Example of geometric and modelling fidelity matrix for the NACA 4412 airfoil with a flap.

For the present course, the focus of the study lies in a higher-fidelity simulation in order to explore buffeting effects at the gap while leveraging HPC resources. Other researchers may want to focus on the use of lower fidelity tools. The decision will be driven by the scientific/engineering question and the knowledge and expertise of the user. As a result, there are multiple setups that could be studied. Here, we will focus on the backward facing step (BFS). BFS is characterized by a recirculation flow with a strong shear layer, and will allow us to characterize the buffeting effect in a simple and easily parameterizable setup.

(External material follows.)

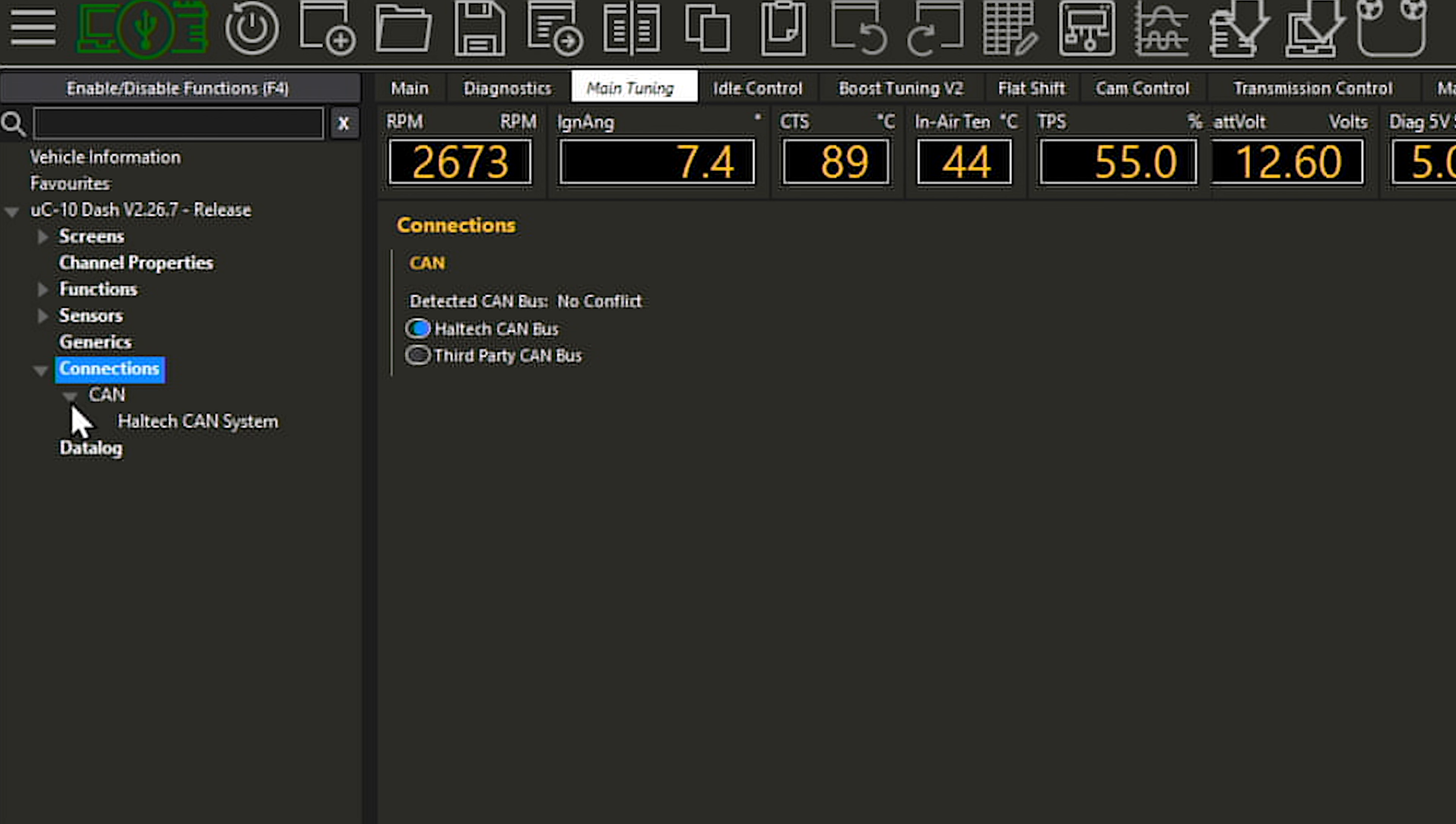From here, the Haltech dash will be able to show the following data from the OBD2 compliant factory ECUs from around 2007 onwards: Engine RPM, manifold pressure, throttle position, coolant temperature, inlet air temperature, vehicle speed and the short and long term fuel trims.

Effect of simulation parameters on HPC cost

We understand simulation parameters to mean the parameters that can be easily modified within a simulation or input file. The choice of the simulation parameters will inherently be tied to some of the decisions taken in determining the physics and CFD setup, discussed above. Here, we present an overview of the simulation parameters that can have a significant impact the total HPC cost of a simulation.

Turbulence modelling

Many of the applied fluid dynamics problems occur in a turbulent regime. As turbulence is a highly multiscale phenomenon, the need to account for the turbulence often drives the computational costs of the CFD simulations. The detailed discussion on the turbulence and its modelling is left for the next lecture, here we briefly discuss the main difference in modelling approaches:

Illustrative comparison between various turbulence modelling approaches.

Illustrative comparison between various turbulence modelling approaches.

Reynolds Averaged Navier-Stokes (RANS): The effect of turbulence on the mean flow is completely modelled by characterizing the turbulence through the transport of additional turbulence equations (e.g. k-epsilon equation). As the grid resolution only needs to capture the gradients of the mean flow, the resolution requirement is significantly lower than that of the other turbulence modelling approaches. RANS-type turbulence models are often used for full-scale and applied problems in which the turbulence modelling uncertainty is acceptable. RANS models are well suited for most problems but may still have challenges for more complex flows (heavily separated flows, high-speed flows, complex thermodynamic flows, etc.)
Large-eddy simulation (LES): The basic premise of LES is to resolve the large scales of the turbulent motion and model the effect of the smallest scales of turbulence. The resolution requirement is more important than RANS but allows for a significant computational saving at higher-Reynolds numbers compared to DNS. LES are increasingly used in full-scale and applied problems for cases where RANS models are known to be less effective; LES can also be used for detailed studies of abstracted and building block problems.
Direct numerical simulation (DNS): In DNS, all spatial and temporal scales of turbulence are resolved numerically. The problems studied by DNS are limited to smaller scale separation (lower Reynolds numbers) and usually can only be applied to abstracted and building block problems, given the extreme computational cost.

Selection and order of numerical schemes

The selection of numerics, for both spatial and temporal discretization, can directly influence the overall computational time especially for parallel computing. When we are discussing the order of a numerical scheme, we refer to the order of convergence of the scheme. As a general rule, the higher the order, the more expensive the simulation for the same number of grid points. But, the higher order schemes require fewer grid points for the same numerical error. Most open-source and commercial codes used for general fluid dynamics rely on second-order finite-volume schemes. Thus, a two-time increase of the computational grid should result in a four-time reduction in the numerical error.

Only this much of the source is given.